Wednesday, 25 March 2015

Urlingford Castle & Church Co Kilkenny

                               Above Image: Approach to the Castle (Church on right)

                                   Above Image: the remaining Southern facing wall

                                             Above Image: The partial East wall

                                             Above Image: The medieval Church

                                       Above Image: Entrance stile to graveyard

Urlingford Castle & Church lie in close proximity to each order on opposite banks of the River Goul. The five storey Castle was built in the 15th century by the Mountgarret Butlers a significant landowning family and would have had a large defensive bawn surrounding it. A print from 1781 depicts attached buildings to its North facing wall and a partial wall along its West side but it was pretty much abandoned and ruinous by then. All of the additional structures and indeed parts of the castle were demolished and used to build the nearby Mill. All that remains of Castle today is its South facing wall and slivers of the West and East walls leaving the Castle jutting up shard-like from the ground.
The castle lies on private land but can be pretty much plainly seen from the road side gate. It still looks very commanding Its remaining wall standing to its full height with the exception of its fifth floor window which is missing leaving a gap at the centre top.
Although the Castle is divided from the Church by the river, the road runs over the Goul and the Mill graveyard in which the Church stands is easily accessible by way of a stile in the wall at the bend of the road.
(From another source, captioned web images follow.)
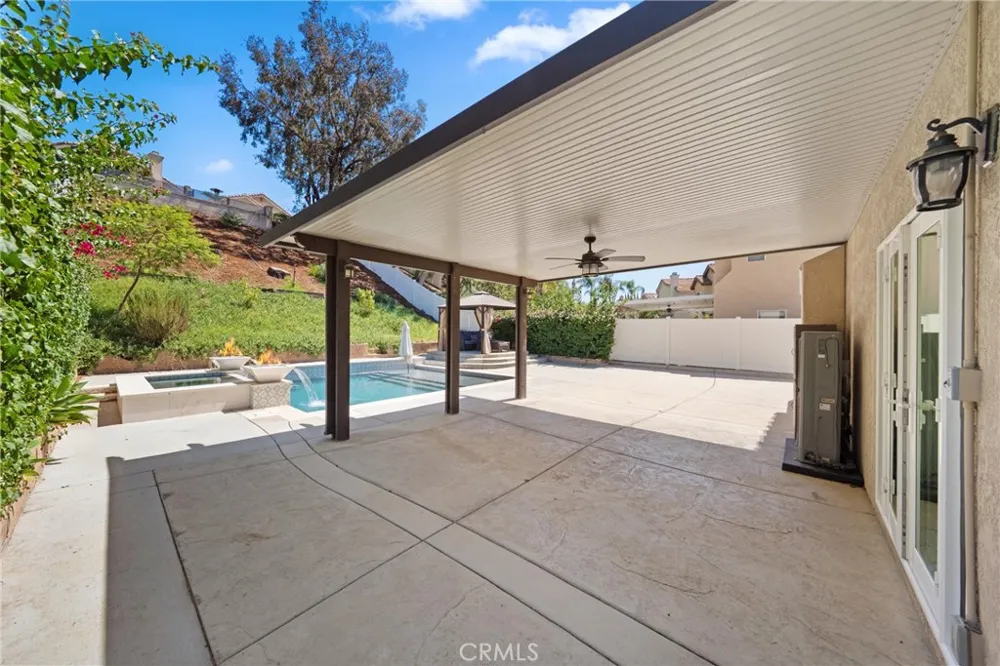 43490 Calle Nacido Temecula, CA 92592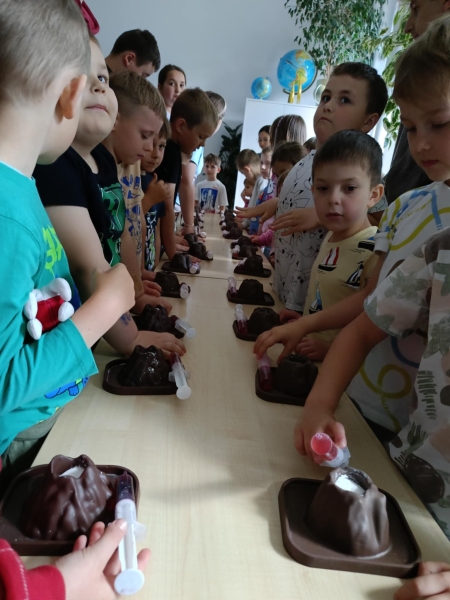 Warsztaty poświęcone tematyce dinozaurów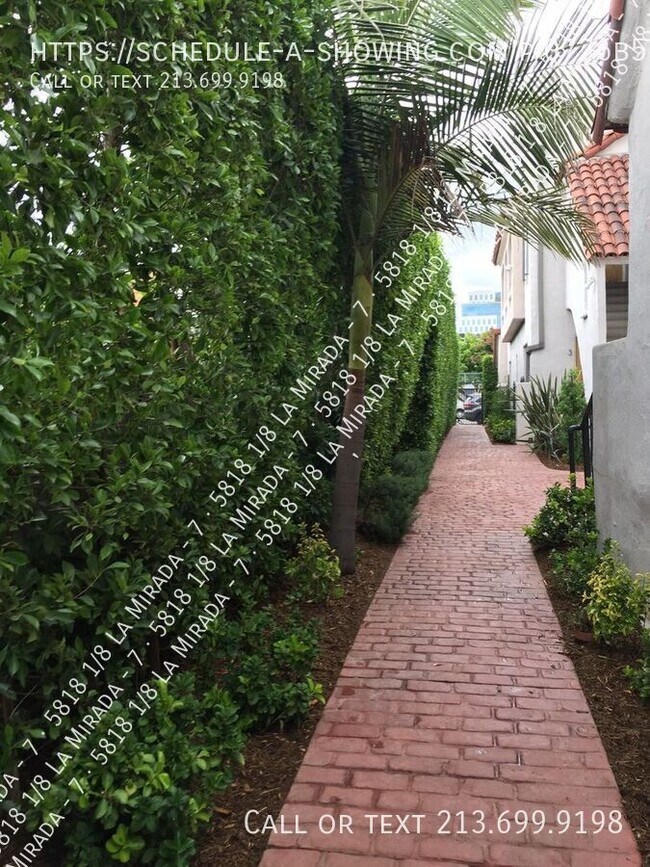 Foto del edificio - 5818 1/8 La Mirada-7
The Church is also believed to have been constructed in the 15th century and added to over subsequent years. Records show that by the last decade of the 19th century it was completely covered in ivy, but a massive restoration project in the 1970’s uncovered it and it remains that way today. All of the walls and gables stand to full height and are in very reasonable condition but even so it remains a very plain structure with few features of note. The Castle remains the most aesthetically pleasing of the two.
To find the ruins take the M8 heading South and exit at junction 4 taking the first exit off the roundabout on top of the exit ramp onto the R693. Drive to the next roundabout and then take the second exit right onto the R639. After about 500m you will enter Urlingford. In the village take the right hand turn at Bowden’s store onto Mill rd. Drive for approx. 350m and you will spot the Castle ahead of you. Parking adjacent to the gate is possible.

Wednesday, 18 March 2015

Clondalkin Round Tower, Church & Castle Co Dublin

                                         Above & Below Images: The large cross

                           Above & Below Images: The two faces of the smaller cross

                                Above & Below 3 Images: Remains of the old Church

                      Above Image: The ancient font with Church remains in backround

                                             Above Image: Close up of the font

                                  Above Image: The tower as viewed from St Johns

                                    Above Image: Entrance door to the round tower

                                     Above Image: Tully's Castle on Monastery Rd

                                      Above Image: The North East facing aspect

                                      Above Image: The South West facing aspect

                                  Above Image: The replica tower on Monastery Rd

A monastery at Clondalkin was founded in the 7th century by St Mochua and it grew into a very sizable site over the subsequent years. The tall round tower, one of the finest examples in the country, is believed to date to the late 8th century or early 9th century and is a testament to time still retaining its conical cap intact. The site was ransacked many times notably by the Vikings in which the tower no doubt played an important part in defence for the clergy. Today unfortunately nothing remains of any of the other monastic buildings.
The tower stands over 90 feet tall and has four windows at its top which mirror the points of the compass. A couple of years ago the tower was opened to the public one Saturday but otherwise it remains squarely locked up. Its iconic stance dominates the village and is close to a narrow but very busy road. It is best viewed from the grounds of the Anglican Church of St John across the road where a wall impedes the view of the noisy traffic. Indeed St John's was built in 1787 and stands on the site of the former medieval church (circa 13th century) which was demolished to allow the construction of the new church. However a tall 12 foot sliver remains and is possibly part of the chancel of the old church. It is now a national monument and a very striking feature in the Churchyard.
I went to photograph the tower one Friday morning and was aware that St John's church grounds contained the remains of the medieval church but I did not expect to find the gates open which they were and so the visit became all the more interesting. Within the grounds of St john’s it remains quiet and peaceful and I remained undisturbed during my visit. At the rear of the church are some remnants of the old monastic times. There are two stone crosses. The smallest depicts both a ringed and a Latin cross on its faces while the larger granite cross which may have originally been a boundary or grave marker stands proudly a few yards apart from the smaller cross. Along the boundary to the right of the new Church is a large granite baptismal font which may date back to the original monastic times. Again it is very impressive and I find the manner in which all of these items have been preserved and placed a credit to those involved in doing so.
Nearby on Monastery Road are the remains of what is thought to be a 16th century Castle. Locally called Tully’s castle as this was the name of a previous owner it has been mentioned in records as being Clondalkin Castle. The remains consist of a tall narrow tower and part of an adjoining building on its North West side. There are two door like apertures on its Southern West side. The ruins now form part of the garden wall of a modern house. The tower may have been part of a number of castles built to protect the pale but seems too narrow to have been a residential tower so it would lead one to suspect it might be an ancillary tower to a much larger non-extant castle.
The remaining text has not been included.